Can you transcribe every record below exactly as it appears?

━━━ DATA RECORDS ━━━

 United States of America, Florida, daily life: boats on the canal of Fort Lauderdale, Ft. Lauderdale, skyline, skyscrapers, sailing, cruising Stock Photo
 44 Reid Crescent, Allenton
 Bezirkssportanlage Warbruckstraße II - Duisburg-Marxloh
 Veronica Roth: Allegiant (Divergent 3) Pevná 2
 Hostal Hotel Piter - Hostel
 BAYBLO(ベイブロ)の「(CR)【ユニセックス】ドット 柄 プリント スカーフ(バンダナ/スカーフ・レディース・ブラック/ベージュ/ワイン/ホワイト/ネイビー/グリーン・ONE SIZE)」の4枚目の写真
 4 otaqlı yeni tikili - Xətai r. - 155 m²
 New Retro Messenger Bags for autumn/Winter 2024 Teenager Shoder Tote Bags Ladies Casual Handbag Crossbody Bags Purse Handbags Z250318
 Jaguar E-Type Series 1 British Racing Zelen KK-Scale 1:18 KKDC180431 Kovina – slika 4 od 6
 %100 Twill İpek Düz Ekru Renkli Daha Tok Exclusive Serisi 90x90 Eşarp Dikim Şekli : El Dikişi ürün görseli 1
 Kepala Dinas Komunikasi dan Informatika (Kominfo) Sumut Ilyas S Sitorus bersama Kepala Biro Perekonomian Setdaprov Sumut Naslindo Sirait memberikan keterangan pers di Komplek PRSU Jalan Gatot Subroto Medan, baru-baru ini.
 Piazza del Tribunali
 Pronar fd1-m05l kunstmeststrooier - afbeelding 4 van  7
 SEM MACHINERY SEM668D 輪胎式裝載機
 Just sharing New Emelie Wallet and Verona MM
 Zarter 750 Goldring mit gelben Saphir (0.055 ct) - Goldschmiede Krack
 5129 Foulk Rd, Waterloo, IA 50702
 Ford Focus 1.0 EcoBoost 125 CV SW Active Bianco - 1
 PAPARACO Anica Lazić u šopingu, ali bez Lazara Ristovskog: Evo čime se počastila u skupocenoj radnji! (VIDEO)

━━━

**WRITTEN RESPONSE**
 United States of America, Florida, daily life: boats on the canal of Fort Lauderdale, Ft. Lauderdale, skyline, skyscrapers, sailing, cruising Stock Photo
 44 Reid Crescent, Allenton
 Bezirkssportanlage Warbruckstraße II - Duisburg-Marxloh
 Veronica Roth: Allegiant (Divergent 3) Pevná 2
 Hostal Hotel Piter - Hostel
 BAYBLO(ベイブロ)の「(CR)【ユニセックス】ドット 柄 プリント スカーフ(バンダナ/スカーフ・レディース・ブラック/ベージュ/ワイン/ホワイト/ネイビー/グリーン・ONE SIZE)」の4枚目の写真
 4 otaqlı yeni tikili - Xətai r. - 155 m²
 New Retro Messenger Bags for autumn/Winter 2024 Teenager Shoder Tote Bags Ladies Casual Handbag Crossbody Bags Purse Handbags Z250318
 Jaguar E-Type Series 1 British Racing Zelen KK-Scale 1:18 KKDC180431 Kovina – slika 4 od 6
 %100 Twill İpek Düz Ekru Renkli Daha Tok Exclusive Serisi 90x90 Eşarp Dikim Şekli : El Dikişi ürün görseli 1
 Kepala Dinas Komunikasi dan Informatika (Kominfo) Sumut Ilyas S Sitorus bersama Kepala Biro Perekonomian Setdaprov Sumut Naslindo Sirait memberikan keterangan pers di Komplek PRSU Jalan Gatot Subroto Medan, baru-baru ini.
 Piazza del Tribunali
 Pronar fd1-m05l kunstmeststrooier - afbeelding 4 van  7
 SEM MACHINERY SEM668D 輪胎式裝載機
 Just sharing New Emelie Wallet and Verona MM
 Zarter 750 Goldring mit gelben Saphir (0.055 ct) - Goldschmiede Krack
 5129 Foulk Rd, Waterloo, IA 50702
 Ford Focus 1.0 EcoBoost 125 CV SW Active Bianco - 1
 PAPARACO Anica Lazić u šopingu, ali bez Lazara Ristovskog: Evo čime se počastila u skupocenoj radnji! (VIDEO)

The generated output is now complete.